Stories of Loss

February 21, 2008

Two items about the PCUSA caught my attention this morning. The first was about a little church in the Pittsburgh Presbytery that is moving to the EPC. According to the Pittsburgh Post-Gazette:

Fourth Presbyterian Church, a tiny congregation in Friendship, has voted to ask Pittsburgh Presbytery for permission to leave the Presbyterian Church (USA) for the more theologically conservative Evangelical Presbyterian Church.

It is the third congregation in the presbytery to do so, and among at least 36 of the denomination’s 10,000 congregations to do so in the past two years. Leaders of the departing congregations believe that the Presbyterian Church (USA) tolerates dissent on core doctrinal issues, such as salvation through Christ alone, and that it is moving away from commitment to traditional Christian sexual ethics.

Sunday’s vote to leave was 27-2 at Fourth Presbyterian, which has about 40 members. Unlike most of the other churches that have followed this path, it has not formally asked to keep its property. Also, Fourth’s pastor, the Rev. David Schrader, has said he intends to stay with the Presbyterian Church (USA) rather than leave with his congregation.

“We’ve been working in good faith with the presbytery, and have confidence that we will reach consensus on all of the relevant factors, including the property,” said Carl Schartner, an elder at Fourth. He declined to answer further questions, saying that he wanted presbytery officials to speak on the church’s behalf.

So here we have a church of fewer than 50 members, deciding to leave property and even pastor behind in order to follow the Lord’s leading and to be obedient to His truth. I salute them, and their sacrifice. Fourth Presbyterian is but a tiny fraction of this total loss, but I think it interesting to consider that it isn’t just big churches–the Rosevilles and Memorial Parks–that are bolting the PCUSA. Middle sized and small churches are as well, despite their inability to fight the denomination for their property, simply because they believe that it is the Lord’s leading and the right thing to do to uphold the gospel, and in some instances in order to have a fighting chance for the future.

The second is from the Layman Online, and it has to do with the membership losses the PCUSA is expecting in the next couple of years:

Including 50,000 members from congregations that have “withdrawn,” the Presbyterian Church (USA) is anticipating that 95,343 members – the largest number ever – will have left the denomination in 2007, a drop of 4.4 percent of its total membership of 2,171,775 in that year.

In 2008, with no specific allowance made for congregations leaving the denomination, membership losses are projected to be 43,436, a drop of 2.0 percent of its total membership, according to the projections released during the recent General Assembly Council meeting in Louisville, Ky.
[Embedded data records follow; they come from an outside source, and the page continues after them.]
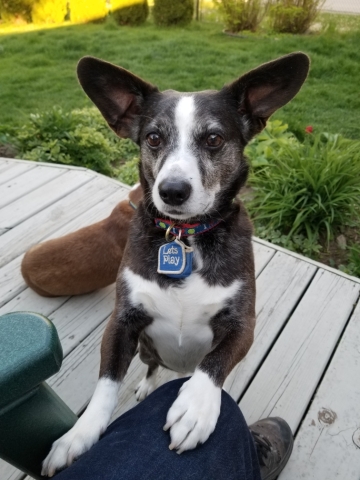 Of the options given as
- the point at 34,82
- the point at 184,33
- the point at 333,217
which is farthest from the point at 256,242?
the point at 184,33

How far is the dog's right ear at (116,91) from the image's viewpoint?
62.8 inches

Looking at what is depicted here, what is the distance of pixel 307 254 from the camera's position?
2.96 m

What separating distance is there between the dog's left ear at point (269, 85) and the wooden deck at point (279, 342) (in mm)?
1115

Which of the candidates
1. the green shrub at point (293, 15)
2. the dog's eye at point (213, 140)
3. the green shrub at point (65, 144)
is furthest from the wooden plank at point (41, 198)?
the green shrub at point (293, 15)

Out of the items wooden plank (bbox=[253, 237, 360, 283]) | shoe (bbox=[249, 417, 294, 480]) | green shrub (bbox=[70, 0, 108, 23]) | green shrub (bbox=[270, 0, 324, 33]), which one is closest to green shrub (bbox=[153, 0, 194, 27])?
green shrub (bbox=[70, 0, 108, 23])

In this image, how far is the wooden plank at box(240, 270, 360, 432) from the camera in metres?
1.90

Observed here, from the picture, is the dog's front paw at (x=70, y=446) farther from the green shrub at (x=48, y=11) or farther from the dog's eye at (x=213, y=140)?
the green shrub at (x=48, y=11)

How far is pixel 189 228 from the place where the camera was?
157 cm

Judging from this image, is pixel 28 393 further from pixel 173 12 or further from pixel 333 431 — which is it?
pixel 173 12

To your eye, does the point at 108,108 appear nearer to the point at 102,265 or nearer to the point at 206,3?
the point at 102,265

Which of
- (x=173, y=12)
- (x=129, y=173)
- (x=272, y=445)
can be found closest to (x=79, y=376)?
(x=272, y=445)

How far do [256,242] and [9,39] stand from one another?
25.9 ft

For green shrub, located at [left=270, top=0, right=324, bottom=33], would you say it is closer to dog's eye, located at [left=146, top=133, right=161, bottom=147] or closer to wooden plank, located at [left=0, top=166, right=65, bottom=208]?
wooden plank, located at [left=0, top=166, right=65, bottom=208]

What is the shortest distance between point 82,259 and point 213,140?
1058 millimetres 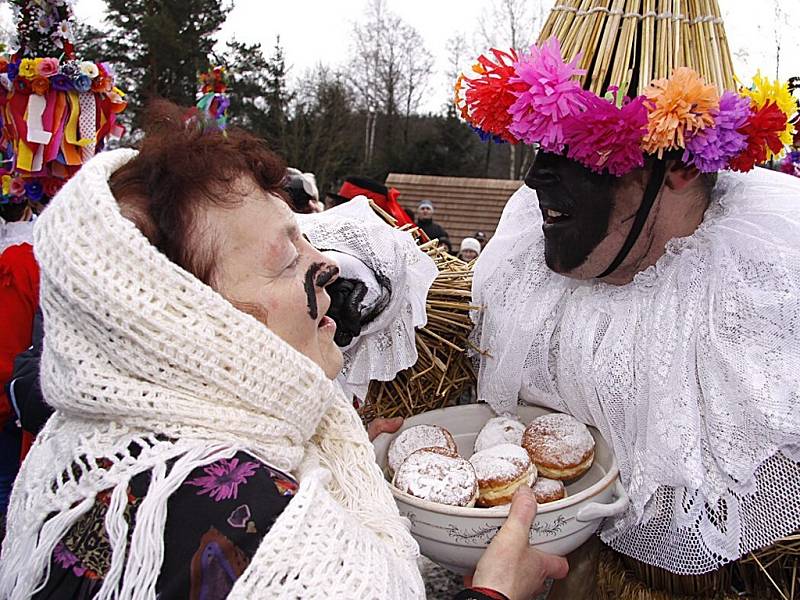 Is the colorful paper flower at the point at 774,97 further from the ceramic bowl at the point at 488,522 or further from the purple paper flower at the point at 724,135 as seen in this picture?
the ceramic bowl at the point at 488,522

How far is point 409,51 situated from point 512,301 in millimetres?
23118

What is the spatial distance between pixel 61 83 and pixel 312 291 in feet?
6.94

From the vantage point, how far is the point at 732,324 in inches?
54.8

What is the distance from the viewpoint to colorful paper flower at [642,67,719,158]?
4.33 feet

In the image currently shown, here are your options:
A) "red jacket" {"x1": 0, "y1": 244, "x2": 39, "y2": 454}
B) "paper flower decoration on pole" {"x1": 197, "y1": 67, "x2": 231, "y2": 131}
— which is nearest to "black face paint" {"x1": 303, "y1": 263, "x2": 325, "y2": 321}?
"red jacket" {"x1": 0, "y1": 244, "x2": 39, "y2": 454}

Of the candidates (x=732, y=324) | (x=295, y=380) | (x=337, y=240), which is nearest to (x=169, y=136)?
(x=295, y=380)

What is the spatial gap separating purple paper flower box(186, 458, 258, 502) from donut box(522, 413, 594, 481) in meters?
0.74

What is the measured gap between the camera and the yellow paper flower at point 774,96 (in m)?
1.43

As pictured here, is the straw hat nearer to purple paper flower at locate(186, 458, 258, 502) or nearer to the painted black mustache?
the painted black mustache

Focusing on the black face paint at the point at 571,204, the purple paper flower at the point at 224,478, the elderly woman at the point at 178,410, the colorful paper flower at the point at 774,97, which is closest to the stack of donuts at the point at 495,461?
the elderly woman at the point at 178,410

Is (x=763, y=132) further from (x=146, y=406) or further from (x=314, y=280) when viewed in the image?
(x=146, y=406)

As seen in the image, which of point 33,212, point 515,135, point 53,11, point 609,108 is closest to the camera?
point 609,108

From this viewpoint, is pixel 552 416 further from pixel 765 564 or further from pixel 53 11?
pixel 53 11

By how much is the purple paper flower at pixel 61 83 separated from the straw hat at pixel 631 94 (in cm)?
185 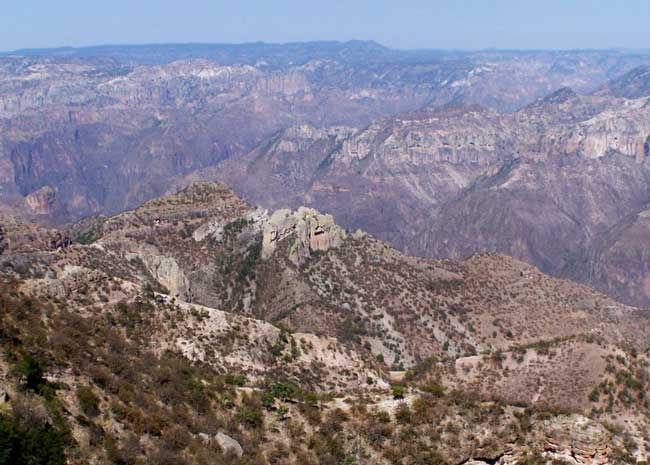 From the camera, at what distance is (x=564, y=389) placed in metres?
55.8

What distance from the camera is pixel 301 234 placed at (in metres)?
106

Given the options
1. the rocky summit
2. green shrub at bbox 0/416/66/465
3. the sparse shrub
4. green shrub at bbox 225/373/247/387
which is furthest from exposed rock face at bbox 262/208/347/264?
green shrub at bbox 0/416/66/465

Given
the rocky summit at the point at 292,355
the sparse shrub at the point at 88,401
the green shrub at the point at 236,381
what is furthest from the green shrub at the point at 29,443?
the green shrub at the point at 236,381

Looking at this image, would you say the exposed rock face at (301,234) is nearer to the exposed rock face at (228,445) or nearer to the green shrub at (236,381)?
the green shrub at (236,381)

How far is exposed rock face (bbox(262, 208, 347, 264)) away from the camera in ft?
346

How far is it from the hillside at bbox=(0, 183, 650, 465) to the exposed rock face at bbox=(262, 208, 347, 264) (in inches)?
13.9

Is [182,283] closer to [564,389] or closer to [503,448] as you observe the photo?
[564,389]

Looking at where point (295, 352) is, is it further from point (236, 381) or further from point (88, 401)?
point (88, 401)

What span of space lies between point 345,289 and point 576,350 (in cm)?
4441

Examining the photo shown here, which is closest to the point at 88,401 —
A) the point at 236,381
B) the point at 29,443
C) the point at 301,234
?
the point at 29,443

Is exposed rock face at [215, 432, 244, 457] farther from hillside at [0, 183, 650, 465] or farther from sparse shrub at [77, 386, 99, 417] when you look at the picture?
sparse shrub at [77, 386, 99, 417]

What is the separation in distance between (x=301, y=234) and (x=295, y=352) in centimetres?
4837

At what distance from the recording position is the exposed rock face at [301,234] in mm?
105375

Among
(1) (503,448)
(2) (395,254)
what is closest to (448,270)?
(2) (395,254) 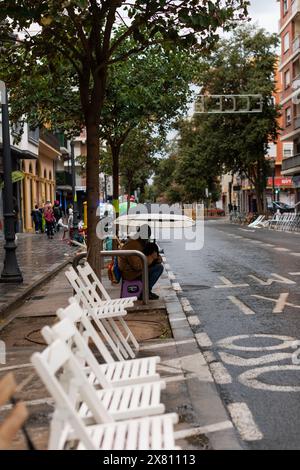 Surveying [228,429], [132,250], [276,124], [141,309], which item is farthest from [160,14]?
[276,124]

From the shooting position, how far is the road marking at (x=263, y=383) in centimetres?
567

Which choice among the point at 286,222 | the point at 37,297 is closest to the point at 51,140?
the point at 286,222

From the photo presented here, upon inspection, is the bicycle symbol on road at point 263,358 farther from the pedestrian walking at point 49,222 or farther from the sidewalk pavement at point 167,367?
the pedestrian walking at point 49,222

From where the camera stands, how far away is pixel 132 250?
10336 millimetres

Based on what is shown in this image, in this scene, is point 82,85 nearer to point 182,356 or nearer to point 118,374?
point 182,356

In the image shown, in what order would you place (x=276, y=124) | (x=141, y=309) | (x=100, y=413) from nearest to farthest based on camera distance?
(x=100, y=413) < (x=141, y=309) < (x=276, y=124)

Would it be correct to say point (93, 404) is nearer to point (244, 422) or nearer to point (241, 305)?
point (244, 422)

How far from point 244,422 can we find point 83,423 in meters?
1.94

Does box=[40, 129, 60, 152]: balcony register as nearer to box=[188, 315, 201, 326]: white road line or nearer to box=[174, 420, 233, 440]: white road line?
box=[188, 315, 201, 326]: white road line

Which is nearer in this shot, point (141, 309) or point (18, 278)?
point (141, 309)

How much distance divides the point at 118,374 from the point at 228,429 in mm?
880

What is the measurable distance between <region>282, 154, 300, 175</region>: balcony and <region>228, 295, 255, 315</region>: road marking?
38543mm

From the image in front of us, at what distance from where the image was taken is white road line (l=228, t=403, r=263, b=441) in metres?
4.52

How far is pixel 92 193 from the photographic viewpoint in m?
8.72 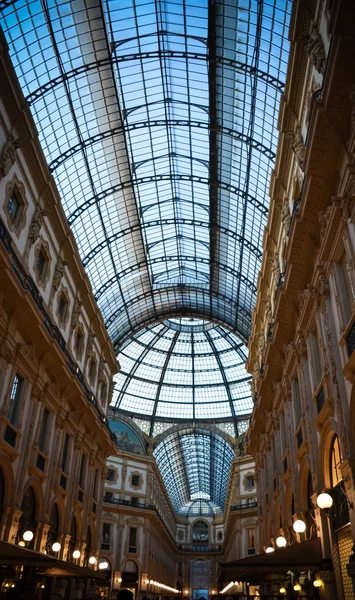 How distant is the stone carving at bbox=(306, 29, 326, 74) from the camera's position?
612 inches

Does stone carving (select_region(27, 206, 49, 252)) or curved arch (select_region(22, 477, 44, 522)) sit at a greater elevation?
stone carving (select_region(27, 206, 49, 252))

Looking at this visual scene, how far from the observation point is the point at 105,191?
3544cm

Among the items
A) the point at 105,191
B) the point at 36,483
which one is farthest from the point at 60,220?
the point at 36,483

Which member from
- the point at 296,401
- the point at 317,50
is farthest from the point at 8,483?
the point at 317,50

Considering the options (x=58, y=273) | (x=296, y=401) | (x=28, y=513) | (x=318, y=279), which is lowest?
(x=28, y=513)

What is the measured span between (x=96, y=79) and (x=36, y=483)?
2095cm

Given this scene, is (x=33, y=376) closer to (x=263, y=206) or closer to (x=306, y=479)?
(x=306, y=479)

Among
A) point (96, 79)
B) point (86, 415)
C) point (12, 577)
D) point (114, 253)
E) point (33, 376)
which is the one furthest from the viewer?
point (114, 253)

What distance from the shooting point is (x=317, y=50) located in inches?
618

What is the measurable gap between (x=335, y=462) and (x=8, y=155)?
16177mm

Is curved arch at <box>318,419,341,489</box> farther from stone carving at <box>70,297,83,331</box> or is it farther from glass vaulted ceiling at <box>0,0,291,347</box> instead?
stone carving at <box>70,297,83,331</box>

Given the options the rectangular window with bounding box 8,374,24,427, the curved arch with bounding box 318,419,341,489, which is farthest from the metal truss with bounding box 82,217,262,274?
the curved arch with bounding box 318,419,341,489

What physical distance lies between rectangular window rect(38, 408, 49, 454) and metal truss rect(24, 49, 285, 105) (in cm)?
1535

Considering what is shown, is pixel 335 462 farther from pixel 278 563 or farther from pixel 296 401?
pixel 296 401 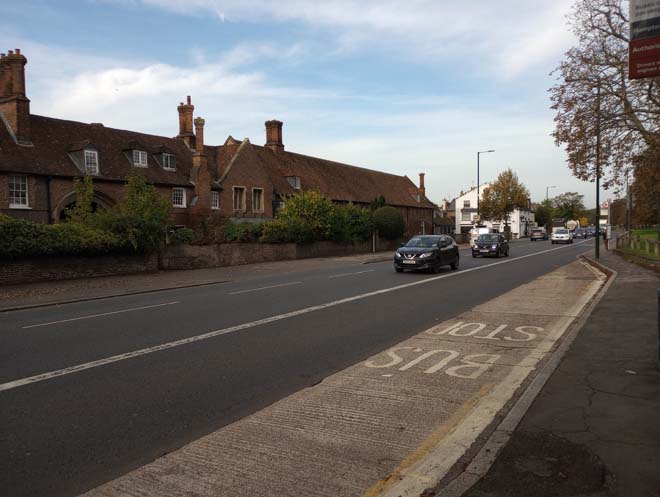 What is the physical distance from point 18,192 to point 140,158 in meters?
8.94

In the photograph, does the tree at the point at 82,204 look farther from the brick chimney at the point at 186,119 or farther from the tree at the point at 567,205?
the tree at the point at 567,205

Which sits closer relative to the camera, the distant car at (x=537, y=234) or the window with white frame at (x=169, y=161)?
the window with white frame at (x=169, y=161)

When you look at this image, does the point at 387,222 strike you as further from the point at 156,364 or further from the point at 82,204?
the point at 156,364

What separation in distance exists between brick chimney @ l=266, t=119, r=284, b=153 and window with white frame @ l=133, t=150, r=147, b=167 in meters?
17.9

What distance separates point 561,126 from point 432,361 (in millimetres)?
17311

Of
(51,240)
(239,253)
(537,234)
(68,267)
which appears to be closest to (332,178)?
(239,253)

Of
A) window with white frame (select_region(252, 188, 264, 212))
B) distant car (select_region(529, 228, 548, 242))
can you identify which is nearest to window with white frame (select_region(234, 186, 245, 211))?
window with white frame (select_region(252, 188, 264, 212))

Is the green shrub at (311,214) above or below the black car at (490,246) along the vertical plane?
above

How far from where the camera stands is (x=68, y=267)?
819 inches

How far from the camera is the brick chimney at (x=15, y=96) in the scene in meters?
28.9

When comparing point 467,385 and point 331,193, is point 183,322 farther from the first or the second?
point 331,193

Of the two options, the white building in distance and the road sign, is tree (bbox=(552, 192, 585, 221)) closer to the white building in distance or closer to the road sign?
the white building in distance

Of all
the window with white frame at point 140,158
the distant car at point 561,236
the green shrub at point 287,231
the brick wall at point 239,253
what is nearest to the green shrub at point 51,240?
the brick wall at point 239,253

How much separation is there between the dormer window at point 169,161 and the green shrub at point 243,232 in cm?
903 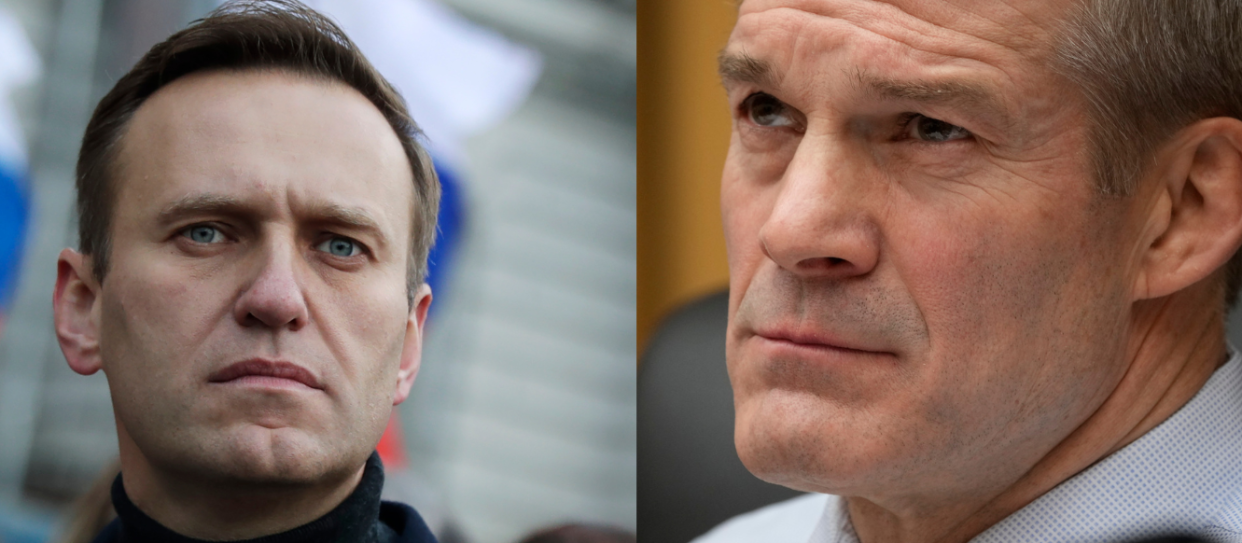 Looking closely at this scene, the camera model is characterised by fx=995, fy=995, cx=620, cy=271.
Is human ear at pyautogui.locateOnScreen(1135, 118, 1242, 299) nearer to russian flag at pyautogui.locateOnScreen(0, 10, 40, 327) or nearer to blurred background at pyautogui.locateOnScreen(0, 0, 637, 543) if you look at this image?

Since the PCUSA was formed in 1983 with 3,121,338 members, membership losses through the 2008 projections will have totaled nearly a million members – 992,999. Since 1965, when the PCUSA and its predecessor denominations reached its peak membership of 4,254,597 members, more than two million members – 2,126,258 or 50 percent of the membership – have left the PCUSA.

The continual decline in membership in 2007 and 2008 of 138,779 members follows on losses of 226,663 over the previous five years – 41,812 in 2002; 46,658 in 2003; 43,175 in 2004; 48,474 in 2005; and 46,544 in 2006. The total projected loss in members from 2002-2008 is 365,442 – or 17.2 percent of its total membership.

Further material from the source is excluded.